These seem the simplest explanations for the resort to secrecy, and are therefore more likely to be true than Warren and her cohort’s insistence on the presence of a foul conspiracy. That being said, the sense of concern she and the other Anti-Federalists expressed at the lack of transparency that attended the drafting of the proposed constitution was hardly invalid or inexplicable. As mentioned in months prior, the Founders had approached the conflict between the Thirteen Colonies and the British government in the 1760s and 1770s from an Enlightenment-informed perspective which tended to perceive all events as human-centred. Conspiracies, rather than random chance or acts of God, were more often identified as the likely cause of disaster or conflict, and vigilance was held as one of the paramount virtues of a healthy society. This sense of vulnerability and watchfulness served as a strongly cohesive force throughout the early history of the United States, helping to bind conflicting parties together in defence of shared priorities, but it could, and did, manifest itself from time to time as narrow-minded paranoia.
The same qualities that many Americans in the 1780s had come to value in their independence – the personal liberty they enjoyed and the transparency of their governments – were also, rightly or wrongly, perceived by many contemporary statesmen and political philosophers as potential weaknesses. A people who were truly free, and who exercised real control over their government, were also highly vulnerable to the forces of populism and demagoguery; as the history of Ancient Rome had shown, it took only one charismatic “man of the people” to turn a free republic into a despotic empire.
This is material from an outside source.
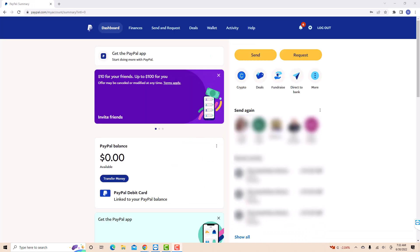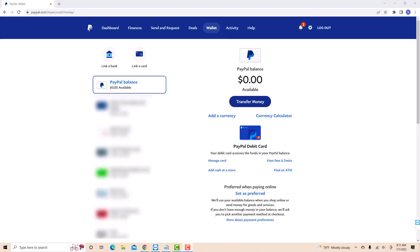Once you're logged in, you will see several tabs at the upper part of the screen. Click on the tab that says wallet. Now, under PayPal debit card, you will see an option for manage card. Click on manage card.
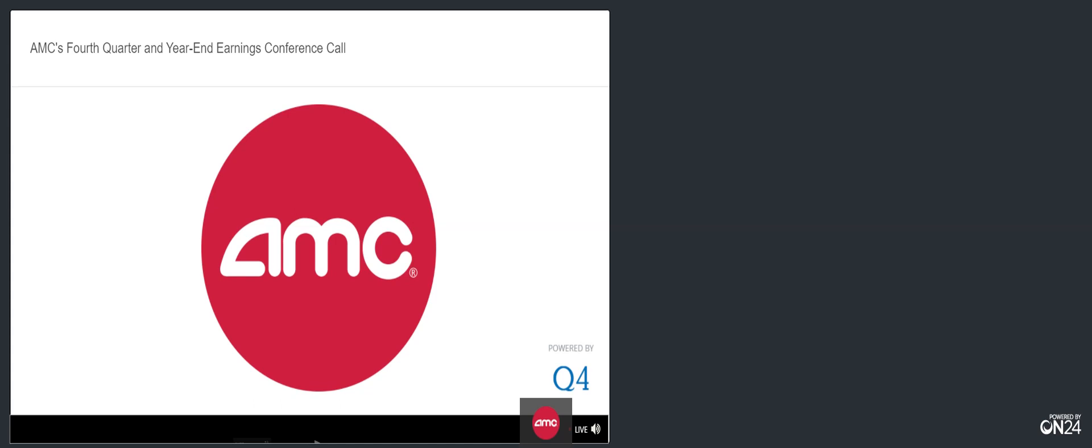On this call, we may reference measures such as adjusted EBITDA, free cash flow, adjusted free cash flow, and constant currency, among others, which are non-GAAP financial measures. For a full reconciliation of our non-GAAP measures to GAAP results, please see our earnings release posted in the Investor Relations section of our website earlier today. After our prepared remarks, there will be a Q&A session. This afternoon's call is being recorded, and the webcast replay will be available in the Investor Relations section of our website at amctheaters.com later today. With that, I'll turn the call over to Adam.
When, therefore, people like Mercy Otis Warren perceived, in the manner by which the proposed constitution was created a degree of subtle, ill-intentioned manipulation, it was not because they were given to flights of fancy. Warren, and others of like mind among the Anti-Federalists, had been taught the fragility of republics, and the inestimable value of constant, unflagging vigilance. If, from time to time, they appeared to lash out at shadows, doubtless they all would have agreed it was a worthy price to pay for the protection of the social and political values they held most dear.
Another quick perusal of the various Anti-Federalist Papers reveals once again how common certain themes were across the many editorials and commentaries therein. As Mercy Otis Warren remarked frequently and effectively upon the suspicious and secretive nature of the Philadelphia Convention in her Observations, so too did many of her male counterparts in their own publications critical of the proposed constitution. Melancton Smith, writing under the penname “A Plebian” in Anti-Federalist No. 85, seemed the most measured among his contemporaries. Like Warren, he was concerned by the secretive nature of the Constitutional Convention, writing that, “While it was agitated, the debates […] were kept an impenetrable secret, and no opportunity was given for well informed men to offer their sentiments upon the subject.” This seems a fairly plain accounting of what transpired, free of accusation or ad hominem attack. Robert Yates, as Brutus in Anti-Federalist No. 82, offered a similarly considered opinion of the forces he perceived to have been behind the drafting of the new federal charter, though the image he projected was slightly more ominous. “If to those who will be interested in the change [in government],” he wrote,
Be added those who will be under their influence, and such who will submit to almost any change of government which they can be persuaded to believe will ease them of taxes, it is easy to see the party who will favor the abolition of the state governments would be far from being inconsiderable.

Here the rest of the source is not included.